Figure 8 shows the addition of a valve [20] to open in the event of excess vibration, with a local control unit [21] which can be signalled remotely. Different types of valve could be used including single and multiple-use valves. If signalling is used to control the valve, this could be done by e.g. a direct mechanical connection, electronically hardwired or remotely by e.g. radio, laser, infra-red, Bluetooth, wireless or similar. Thus, the present disclosure provides a solution to the problem of no, or insufficient inertia in an electricity network, which can lead to undesirable frequency fluctuations. The solution involves providing an additional mass to be connected or attached or affixed to the machine rotor, or to rotate with the rotor. The additional mass can be attached to any existing machine and the size of the mass can be selected accordingly without the need for a completely new machine.

Because the mass is an additional component, there is more flexibility as to how it can be attached to the machine, e.g. in view of space or speed constraints, some examples being shown in Figures 3 and 4.

The ideas described herein would find application in conventional, terrestrial electrical power systems from small single-generator networks to multi-national grids, or e.g. for networks on board ships, aircraft, submarines, cars, trains, rockets, satellites, space vehicles, and other vehicles or locations.
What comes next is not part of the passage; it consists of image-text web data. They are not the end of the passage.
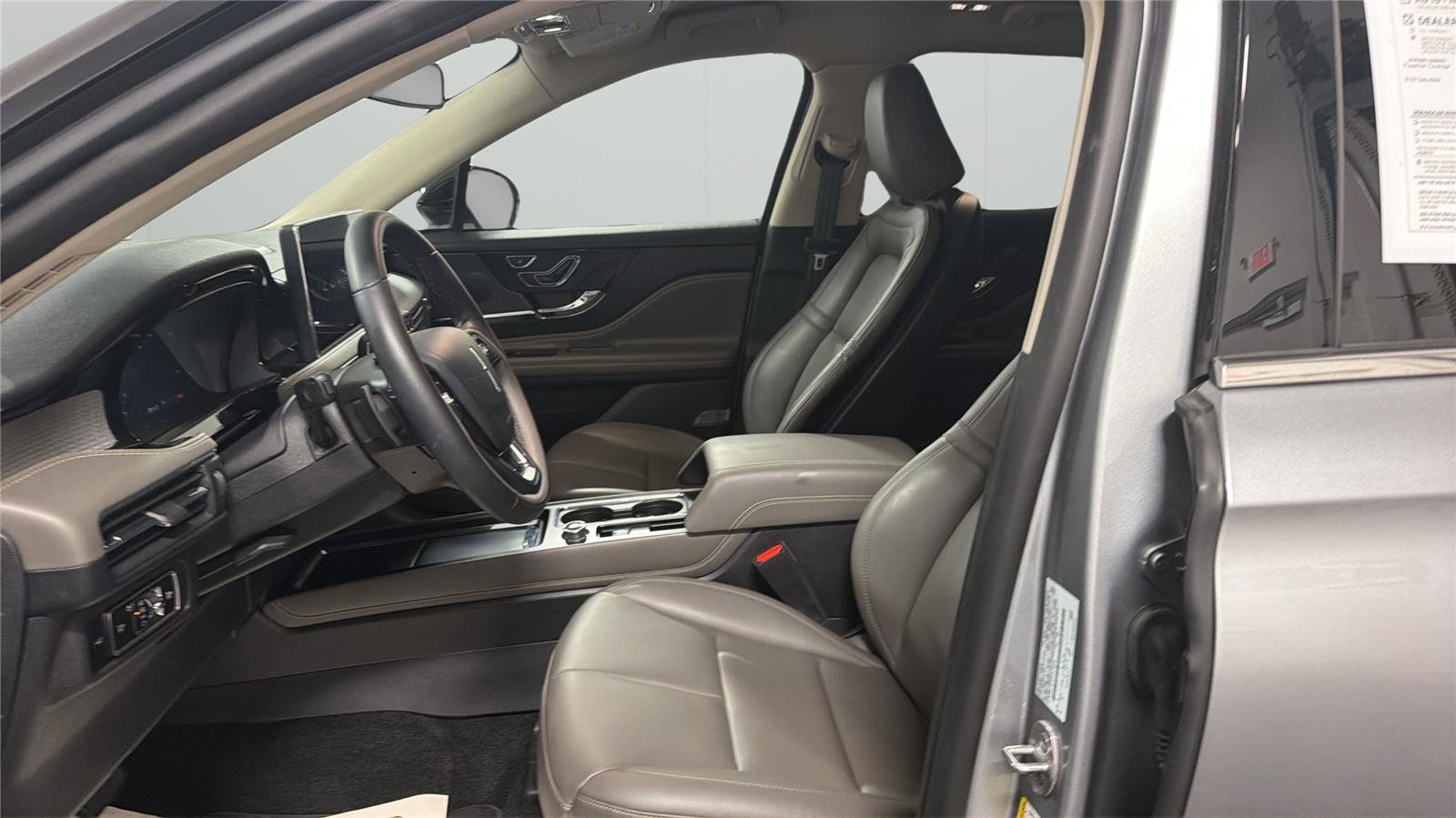 Used 2023 Lincoln Corsair FWD image 10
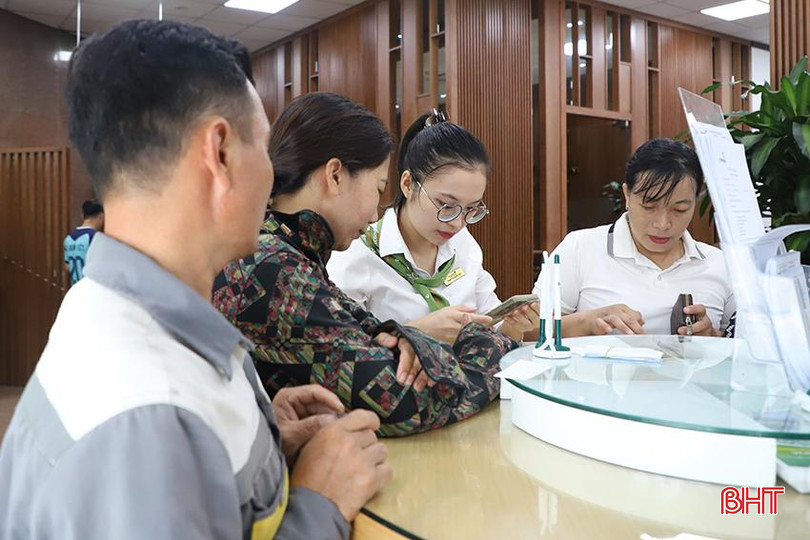 Vietcombank Hà Tĩnh hỗ trợ khách hàng xác thực sinh trắc học. IMG_8130.JPG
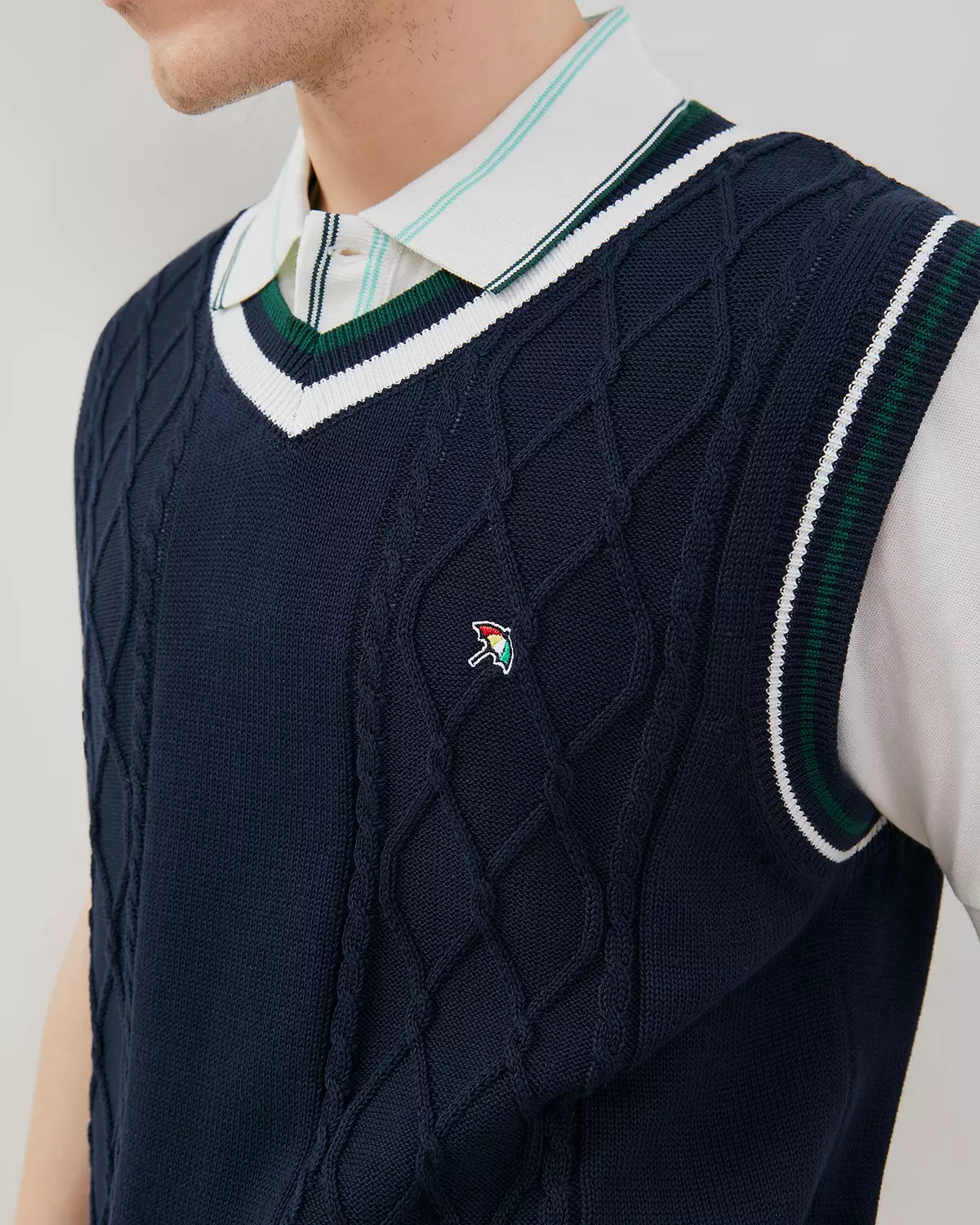 MEN'S NAVY KNIT VEST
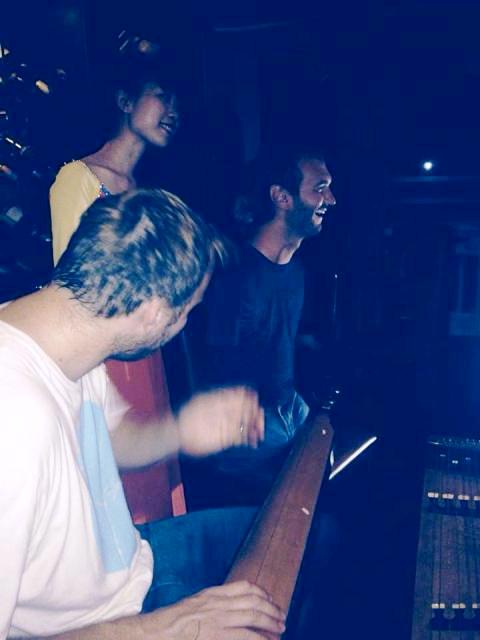 Nick Vujicic đ&aacute;nh đ&agrave;n bầu tr&ecirc;n Vịnh Hạ Long 4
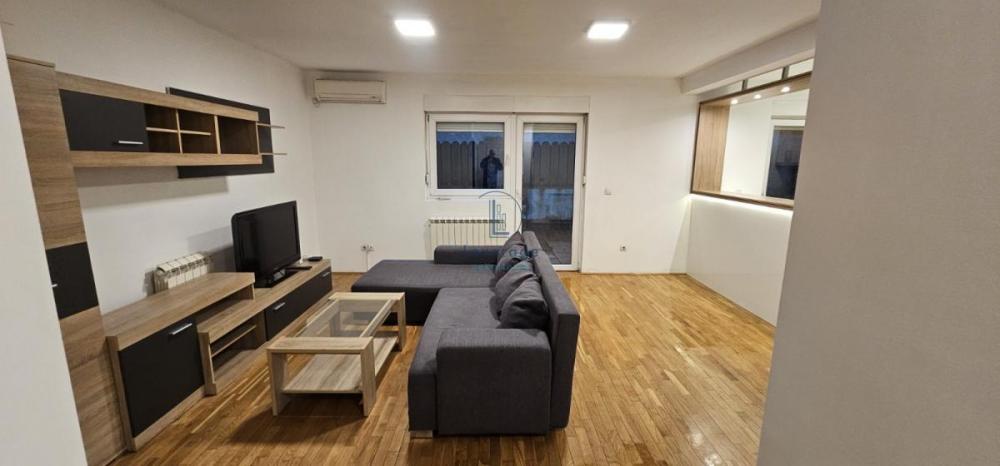 Slika 1 - Đorđa Kratovca,  Lokal za izdavanje, 119m2, 800€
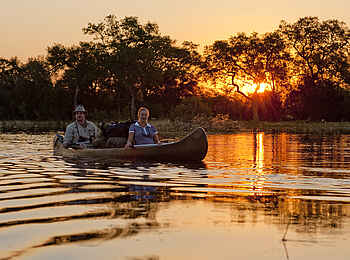 Selinda Canoe Trail: Teamwork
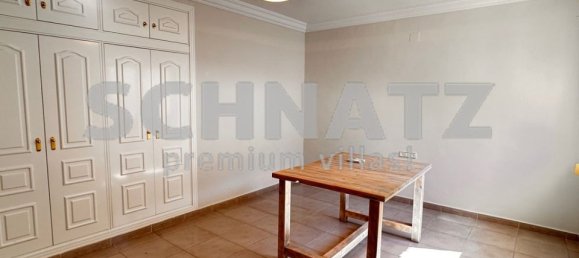 Villa de 5 dormitorios en Pedreguer, Spain No. 184793 32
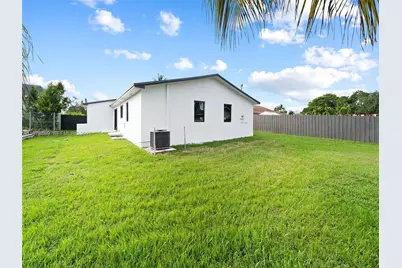 212 SW 7th St, Hallandale Beach, FL 33009 - Photo 18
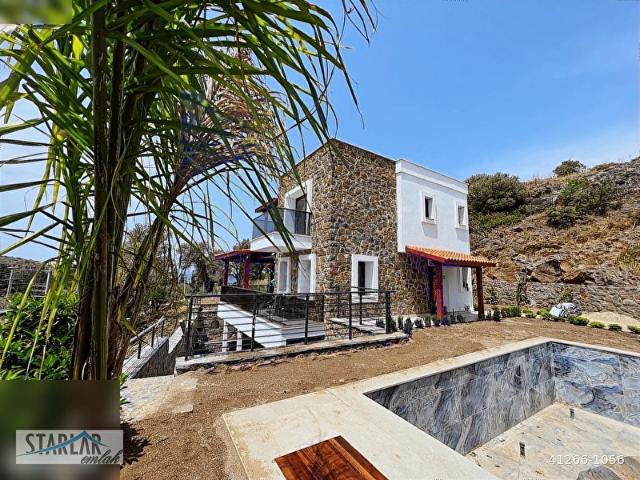 Gümüşlük Sahil'e Yürüme Mesafesinde Müstakil Lüks Villa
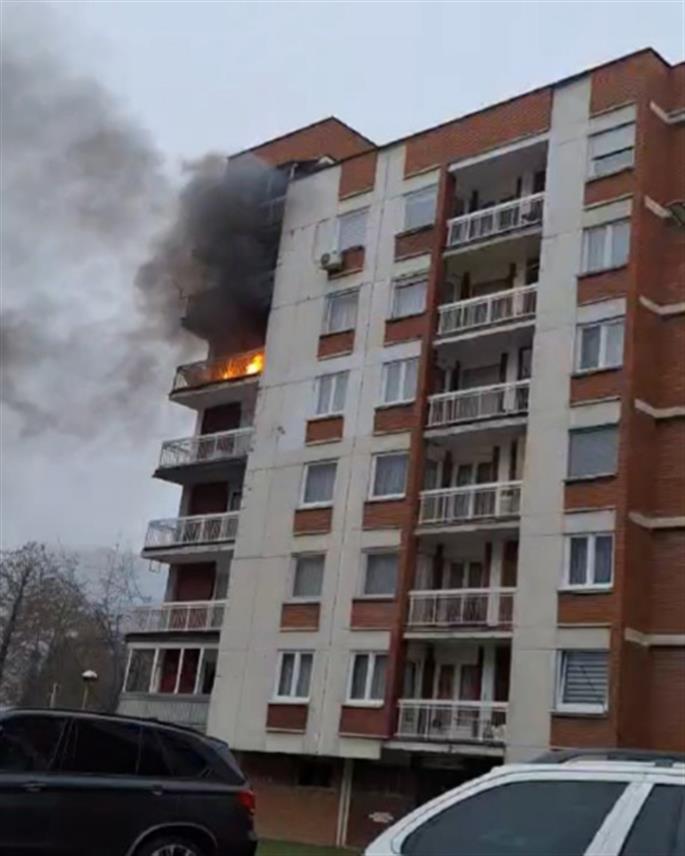 МИЛИЋИ, 16. ФЕБРУАРА /СРНА/ - На тераси стана на четвртом спрату у стамбеној згради у Милићима избио је пожар који су станари успјели да угасе.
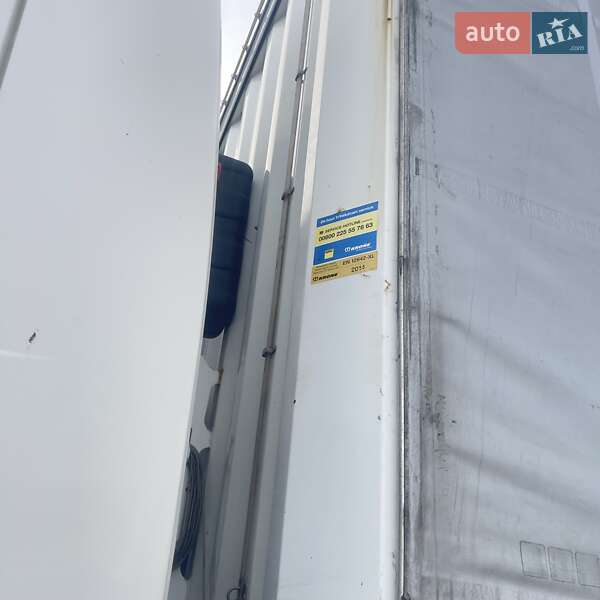 Тентований борт (штора) - прицеп Krone SAF 2014 в Іршаві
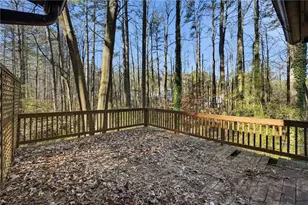 1091 Cole Dr SW, Lilburn, GA 30047 - Photo 23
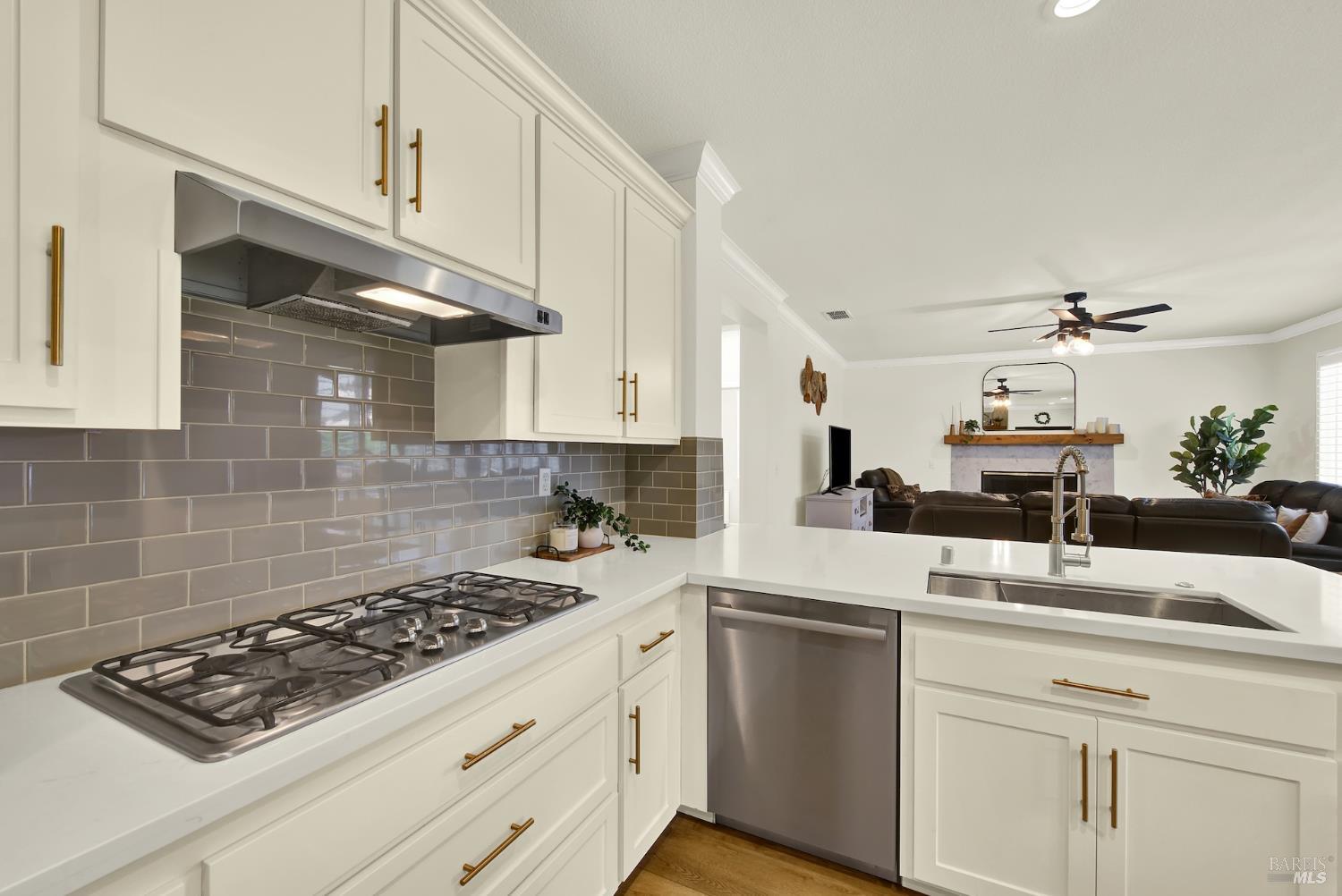 818 Westgate Drive Vacaville CA 95687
The disclosure can find application in power systems operating at different frequencies, including fixed and variable frequencies e.g. 50Hz, 60Hz or 400 Hz or 360 - 800 Hz.

Claims

A device comprising a mass body configured to be attached to an electric machine so as to rotate with the rotor of the machine.

The device of claim 1 comprising means for pre-stressing the mass body.

The device of claim 2, wherein the means for pre-stressing the mass body comprises a band tightened around a body the mass body.

The device of claim 2 or 3, wherein the mass body comprises a container and the means for pre-stress the mass body comprises a content of the container.

5. The device of claim 4, wherein the content comprises one of a fluid, liquid, powder, gel, solution, paste, granular, colloid and suspension.

The device of claim 4 or 5, further comprising a valve in the container for dispensing the content from the container.

The device of claim 6, further comprising means for controlling operation of the valve.

The device of any of claims 4 to 7, further comprising baffles inside the container.

9. The device of claim 3 or any claim dependent thereon, wherein the band is provided around at least part of the circumference of the mass body.

10. An apparatus for adding inertia to an electric machine, comprising: an electric machine having a rotor and a stator, and a device as claimed in any preceding claim attached to the machine to rotate with the rotor.

11. A method of increasing the inertia of an electric machine by attaching an additional mass to the machine to rotate with a rotor of the machine.

12. The method of claim 11, wherein the additional mass is a device as claimed in any of claims 1 to 9.